-- DATASET RECORDS follows --
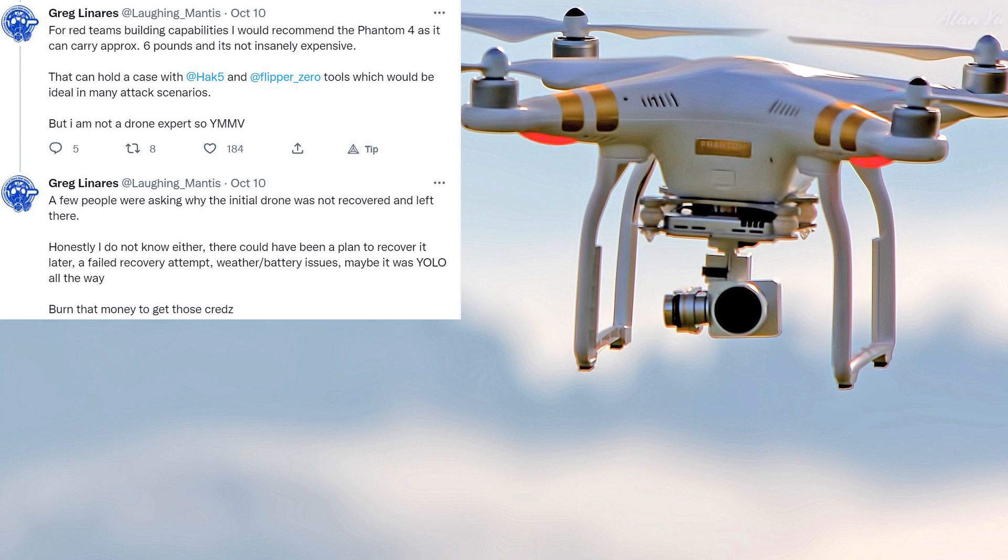In terms of regulations and attaching equipment, doing these types of operations gets complicated. A few people were asking why the initial drone was not recovered. Honestly, he doesn't know either — there could have been a plan to recover it later, a failed recovery attempt, weather or battery issues, or maybe it was YOLO all the way — burn that money to get those credentials. It's strange to think about a Matrice staying on a rooftop undetected for that long. This made people paranoid about any drone around a building, whether recreational or spying. But at the same time, it shows it's basically just a tool, since even the recommendation is to use your own drone to monitor the area.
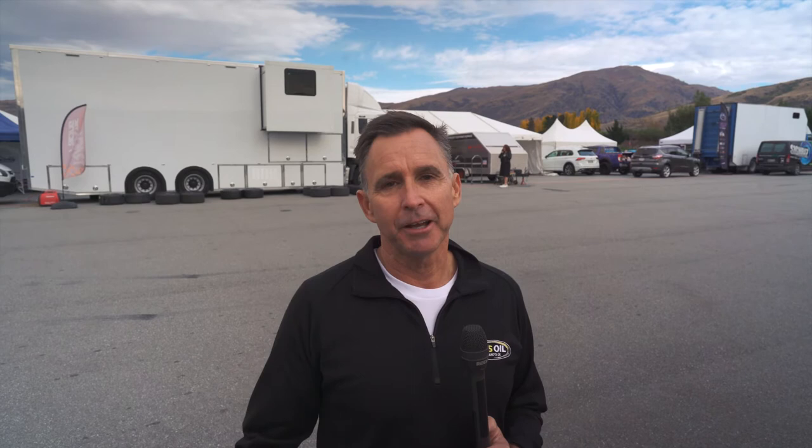Now the difference in the engine, it's still 2 litre, but they put a little hairdryer on this one. So where the Mondeo would produce around about 300 horsepower, these little cars are now producing around 350. So the little turbo makes all the difference.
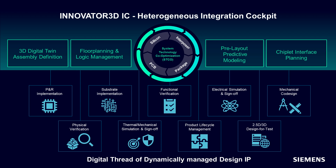Innovator 3DIC uses this digital twin to drive ASIC, chiplet, and interposer implementation using Apriza and Expedition package designer, Caliber multi-physics analysis, NX for mechanical design, Tessent for multi-die test, Caliber 3D thermal, 3D stack, and DRC sign-off through a managed and secure design IP digital thread.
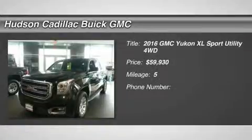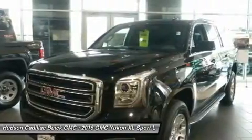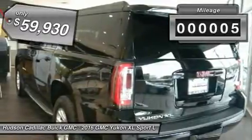2016 Yukon XL. GMC Yukon XL is a great choice for families who need a full-size SUV with maximum seating. The looks don't hurt either. This vehicle has less than 100 miles.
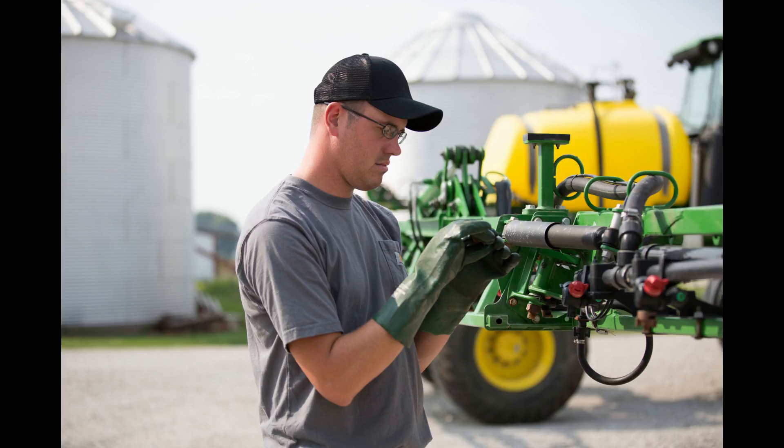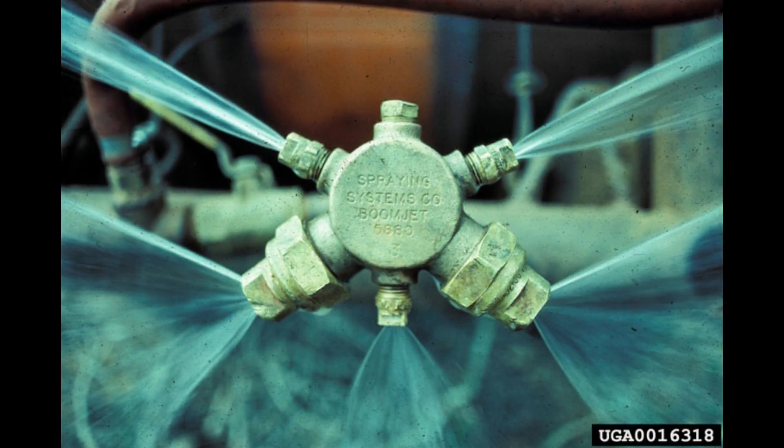With any spray application, the applicator is always trying to balance coverage with minimizing drift and preventing off-target movement of that pesticide or product. Droplet size really relates to both drift potential and coverage. Smaller droplets can result in better coverage, but only provided those droplets actually make it to the plant leaf target — because as droplet size decreases, the potential for drift and off-target movement increases.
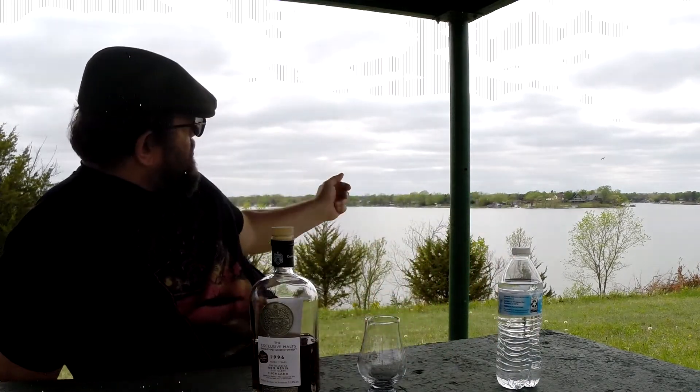Good afternoon. Today I'm out at the lake. Let's get this out a little bit and let y'all get a view out there. It's here in Kansas — it looks like an Ozark lake with the houses around it and the docks and stuff, but it's not. It's here in Kansas.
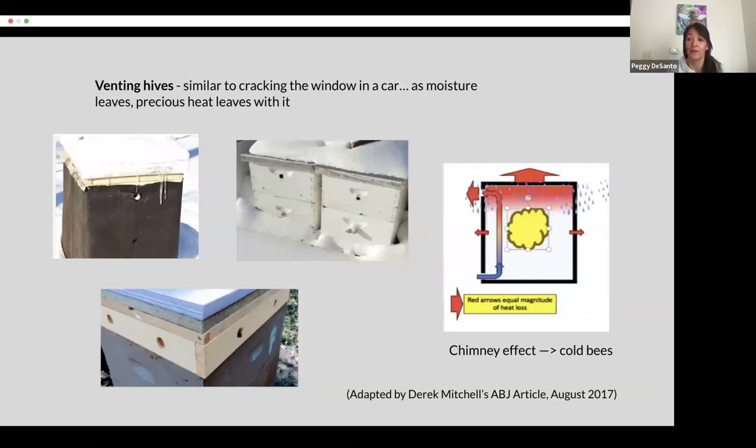So what do many beekeepers do to solve for this moisture problem? They ventilate. They drill holes in the hive boxes or put on a quilt box with holes in it. But according to Derek Mitchell, who has his PhD in thermal fluids at Leeds University, when we create an upper entrance, the chimney or stacking effect occurs and the moist air gets vented out the upper entrance. As a result, cold dry air comes in the lower entrance and replaces that warm moist air. Yes, upper entrances get rid of moisture, but in doing so they also get rid of heat — precious heat.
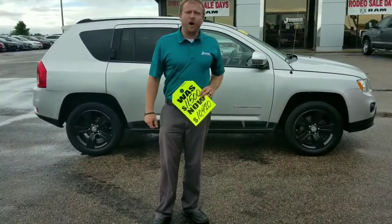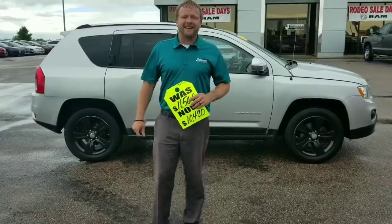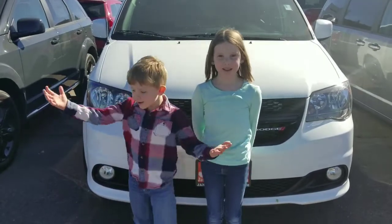This one's not going to last long guys, so hit the message button right down here to contact one of our certified sales pros and we'll get right back at you. We'll see you soon guys, thanks! Janssens — out of a group of 7 dealerships, working for you!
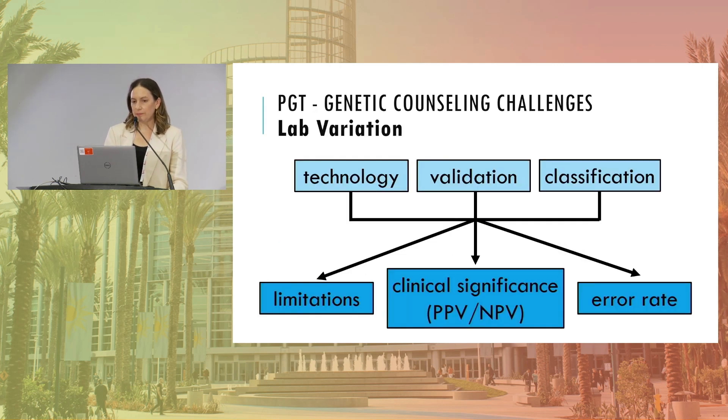The first genetic counseling challenge is the variation we see between PGT labs, making it very difficult to evaluate them. Most people trying to decide which PGT lab to use don't have a background in genetics or genetic test validation. One key factor is how the test is validated. The most common validation methods in PGT-A are testing of cell lines, rebiopsy studies, and the gold standard — non-selection clinical studies — but there's great variety in how labs have gone about this.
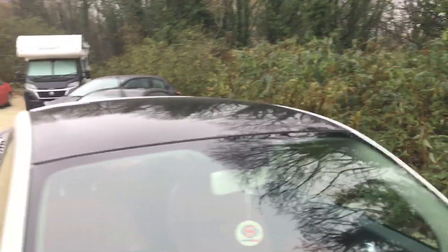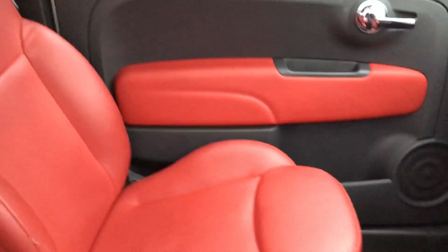It's got a pan roof, two keys, full history, excellent red leather — the interior is lovely, really. It's just a shame about the few marks on the outside.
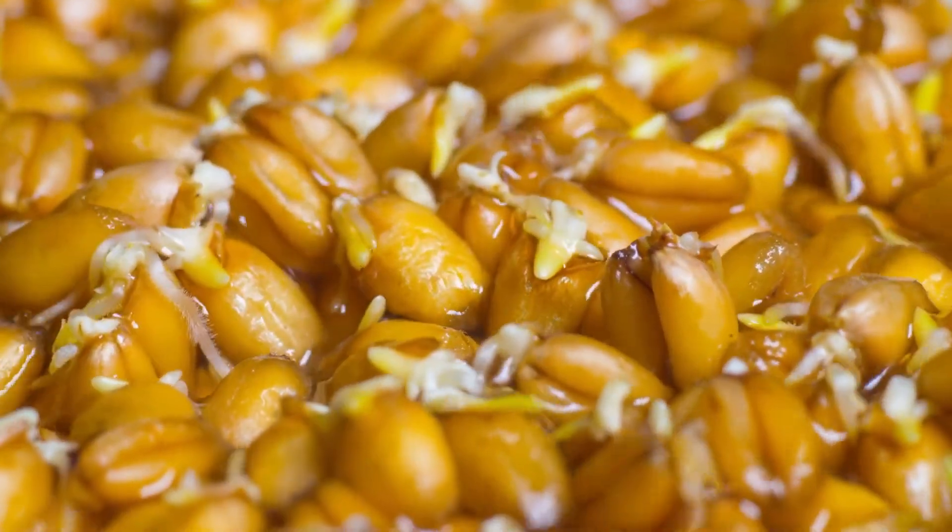Today we're searching for seeds. Why do they all look and behave so differently? We've already learned that most plants grow from seeds, but if we're not actively planting those seeds, how do they get where they need to be?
-- DATASET RECORDS concluded --
> _AIM OF THE TASK_
In the records above, take every line from the opening one through the line with "Now the difference" and repeat it exactly; pictures are not part of the copy.

> _RESULT OF THE EXERCISE_
In terms of regulations and attaching equipment, doing these types of operations gets complicated. A few people were asking why the initial drone was not recovered. Honestly, he doesn't know either — there could have been a plan to recover it later, a failed recovery attempt, weather or battery issues, or maybe it was YOLO all the way — burn that money to get those credentials. It's strange to think about a Matrice staying on a rooftop undetected for that long. This made people paranoid about any drone around a building, whether recreational or spying. But at the same time, it shows it's basically just a tool, since even the recommendation is to use your own drone to monitor the area.
Now the difference in the engine, it's still 2 litre, but they put a little hairdryer on this one. So where the Mondeo would produce around about 300 horsepower, these little cars are now producing around 350. So the little turbo makes all the difference.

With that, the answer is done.